“Acknowledgements” in “The Art of Communication in a Polarized World”
Acknowledgements
Thank you to my partners in the conversations that became the soil out of which this book grew. Of these, most important have been my students. At the University of North Dakota, where I started my career, I began developing these ideas in Comm 405: Social Implications of an Information Society, and Comm 501: Theoretical Perspectives in Communication. At the University of Ottawa, where I have taught for the past five years, I developed them in CMN 3109: Advanced Theories of Communication, CMN 5132: Theories and Effects of the Media, and CMN 8111: Theories in Media Studies. I am especially indebted to the students in CMN 3109 during the Winter and Spring/Summer 2018 terms and in CMN 5132 and CMN 8111 during the Fall 2018 term, who read and engaged with drafts of different chapters. I am also grateful to the doctoral students at the Universität Trier for their perceptive engagement when I delivered talks based on chapters 2 and 3 as part of the university’s IRTG: Diversity program in July 2019.
Going back further, I want to thank my teachers who prized rigour, clarity, and, above all, θαυμάζειν, or thaumazein, the sense of astonishment (according to Aristotle) out of which philosophy springs. They include my grade 5 teacher, Mrs. Sprague, Timberwilde Elementary; Mrs. Lorenzetti, my English teacher in grade 8 at Baker Junior High School; Mr. Kornegay, who taught me calculus in grade 11 at Albuquerque High School; and Ms. Parris, my grade 12 English teacher at Albuquerque High School. They also include two of my professors at the University of North Dakota, Kathleen Dixon and Michael Beard, both in the Department of English. Others have been teachers in practice, if not in title, including Brent Christianson, in Madison, Wisconsin, and Erin Burns, in Ottawa. And some are simply my friends, in particular Sam Rocha.

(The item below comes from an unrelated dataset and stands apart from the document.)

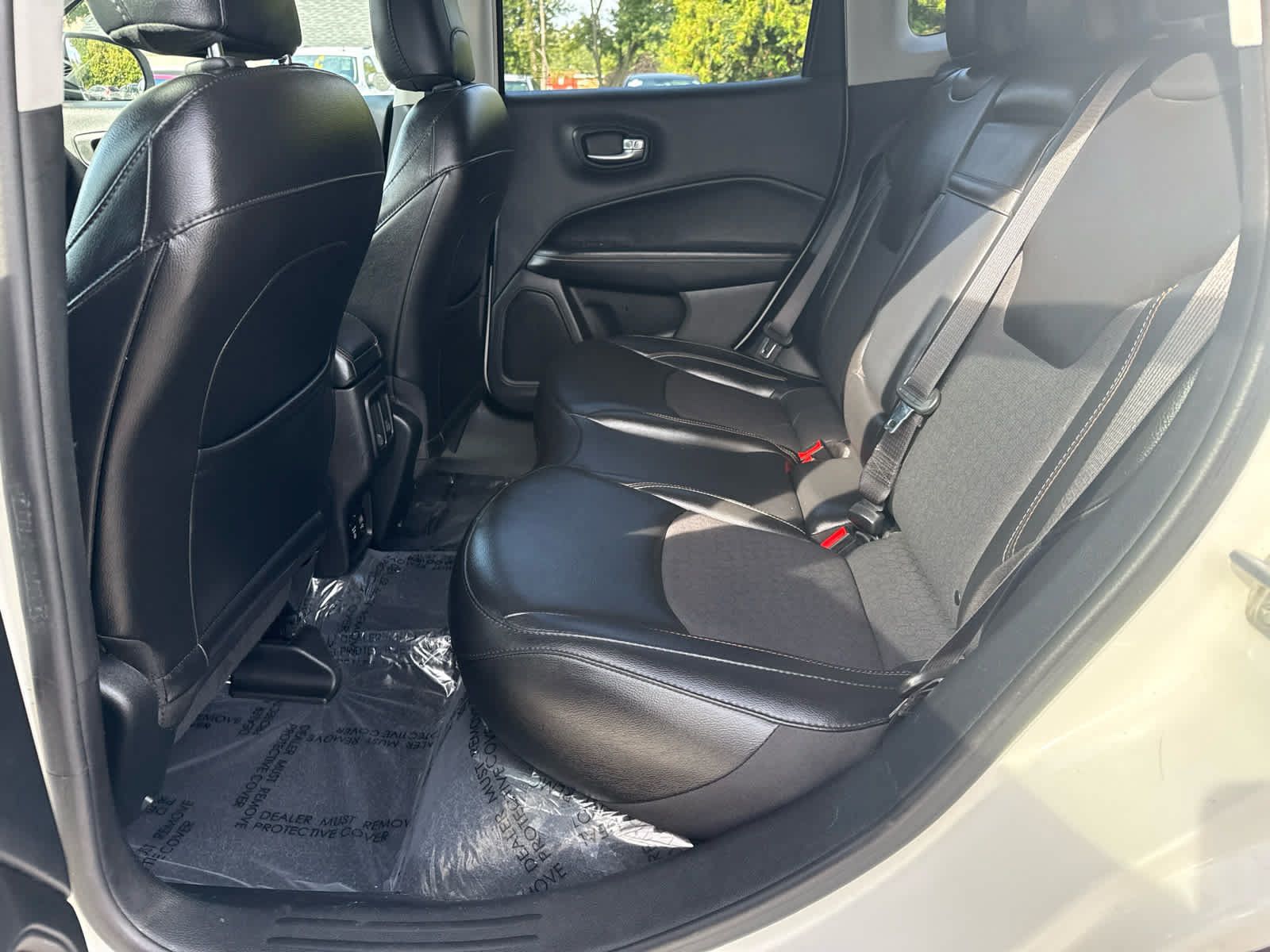Used 2019 Jeep Compass Latitude w/ Popular Equipment Group AWD/4WD image 13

In a narrower sense, I owe a professional debt to Elizabeth Galewski, Joshua Young, and Brett Ommen. If I know anything about rhetorical invention, it is because of them. (But if I can’t get my facts straight, that’s on me.) Liz, with whom I had coffee once a week when we were students at the University of Wisconsin, taught me about tropological invention and the pleasures of irony. Josh, whose doctoral work I had the privilege of supervising in its final stages, taught me to look for invention in unexpected places. And Brett—he was my colleague and friend at the University of North Dakota. We have since gone our separate ways, but one thing (among many) he showed me was that we can pick and choose what we need from the tools of theory to solve the problem at hand. His approach to theory was endlessly inventive.
In a more immediate sense, I want to thank Enrique Uribe-Jongbloed, now at the Universidad Externado de Colombia, and Craig Walker, at Queen’s University. In 2016, Enrique invited me to give the keynote address at a conference on cultural transduction (his term for cultural translation, more or less). That talk became chapter 1 of this book. But the other chapters came from the page of notes I jotted down while listening to Craig’s presentation on Petr Pavlenskii. He is no doubt unaware of the way his talk struck me, not only for what he was saying but for what he was doing: he made me walk around a concept I thought I knew well (cultural translation) and see it from a new angle.
I also want to thank everyone at Athabasca University Press, especially Pamela Holway. This is an odd book—no two ways around it!—and she was its strongest supporter from the moment I contacted her. I had given myself over to writing it, asking only one thing of each sentence and each idea: must this be said, and must it be said this way? It’s risky to draw stick figures in an academic book, but Pamela embraced not just the arguments and ideas but also the spirit of the act that created them. I also want to thank the press’s director Megan Hall for her enthusiasm, and editor Peter Midgley for his generous and sensitive revisions.
Finally, as always, thank you to Kristi and to Ben and Ellie.